Vorsitzende Richterin Harms,

für Recht erkannt:

Tenor:

Auf die Revision der Angeklagten wird das Urteil des Landgerichts Berlin vom 22. August 2001 im Maßregelausspruch mit den zugehörigen Feststellungen aufgehoben.

Die weitergehende Revision wird verworfen.

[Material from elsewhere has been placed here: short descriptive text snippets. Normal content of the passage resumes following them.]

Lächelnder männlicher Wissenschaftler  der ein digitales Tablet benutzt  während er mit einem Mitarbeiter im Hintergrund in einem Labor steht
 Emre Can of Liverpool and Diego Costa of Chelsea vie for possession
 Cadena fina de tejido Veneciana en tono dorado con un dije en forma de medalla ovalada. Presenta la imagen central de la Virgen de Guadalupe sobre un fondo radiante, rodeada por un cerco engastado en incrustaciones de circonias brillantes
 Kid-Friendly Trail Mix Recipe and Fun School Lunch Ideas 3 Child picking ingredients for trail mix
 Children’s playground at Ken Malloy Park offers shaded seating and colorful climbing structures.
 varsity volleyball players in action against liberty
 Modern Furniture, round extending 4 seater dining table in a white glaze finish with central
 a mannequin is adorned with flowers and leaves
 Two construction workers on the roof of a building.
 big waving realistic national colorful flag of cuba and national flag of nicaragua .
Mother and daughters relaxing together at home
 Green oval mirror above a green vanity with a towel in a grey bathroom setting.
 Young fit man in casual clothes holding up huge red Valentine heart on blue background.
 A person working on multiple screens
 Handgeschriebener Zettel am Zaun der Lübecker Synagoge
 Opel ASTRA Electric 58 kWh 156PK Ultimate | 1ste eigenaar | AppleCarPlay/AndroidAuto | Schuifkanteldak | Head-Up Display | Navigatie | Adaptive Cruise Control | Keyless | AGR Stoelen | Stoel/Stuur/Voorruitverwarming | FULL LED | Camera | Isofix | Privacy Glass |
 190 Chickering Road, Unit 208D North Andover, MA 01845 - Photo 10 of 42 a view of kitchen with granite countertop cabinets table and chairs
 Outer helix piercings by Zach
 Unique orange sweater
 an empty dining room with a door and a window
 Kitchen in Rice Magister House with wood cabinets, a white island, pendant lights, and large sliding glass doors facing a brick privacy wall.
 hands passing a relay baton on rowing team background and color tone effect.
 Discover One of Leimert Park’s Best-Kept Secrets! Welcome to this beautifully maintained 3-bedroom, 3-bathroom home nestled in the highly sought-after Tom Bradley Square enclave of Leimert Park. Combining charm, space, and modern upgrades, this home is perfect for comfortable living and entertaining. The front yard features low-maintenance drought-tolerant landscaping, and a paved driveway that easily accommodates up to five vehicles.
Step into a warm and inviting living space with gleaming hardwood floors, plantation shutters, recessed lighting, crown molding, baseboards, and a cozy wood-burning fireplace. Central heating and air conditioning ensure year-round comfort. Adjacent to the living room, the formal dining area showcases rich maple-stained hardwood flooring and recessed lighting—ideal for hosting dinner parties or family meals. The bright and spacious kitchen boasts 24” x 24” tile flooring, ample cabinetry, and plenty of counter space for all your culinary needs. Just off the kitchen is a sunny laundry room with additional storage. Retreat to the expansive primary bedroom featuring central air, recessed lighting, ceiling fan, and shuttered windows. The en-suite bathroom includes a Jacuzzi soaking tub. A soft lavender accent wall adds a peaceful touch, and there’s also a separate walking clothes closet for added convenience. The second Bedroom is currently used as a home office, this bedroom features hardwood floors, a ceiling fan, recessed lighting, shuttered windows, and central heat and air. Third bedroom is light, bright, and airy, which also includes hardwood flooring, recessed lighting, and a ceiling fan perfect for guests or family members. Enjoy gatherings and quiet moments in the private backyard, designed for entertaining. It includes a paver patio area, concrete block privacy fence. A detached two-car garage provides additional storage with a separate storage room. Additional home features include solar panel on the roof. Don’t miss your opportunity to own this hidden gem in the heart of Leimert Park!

Im Umfang der Aufhebung wird die Sache zu neuer Verhandlung und Entscheidung, auch über die Kosten des Rechtsmittels, an eine andere Strafkammer des Landgerichts zurückverwiesen.

- Von Rechts wegen -

Gründe:

Das Landgericht hat die Angeklagte wegen Beihilfe zur schweren räuberischen Erpressung zu einer Freiheitsstrafe von einem Jahr und acht Monaten verurteilt und die Unterbringung der Angeklagten in einer Entziehungsanstalt angeordnet. Die Revision der Angeklagten, die sich mit Verfahrensrügen und der Sachrüge insbesondere gegen die Maßregelanordnung wendet, hat - allein - insoweit den auch vom Generalbundesanwalt beantragten Erfolg.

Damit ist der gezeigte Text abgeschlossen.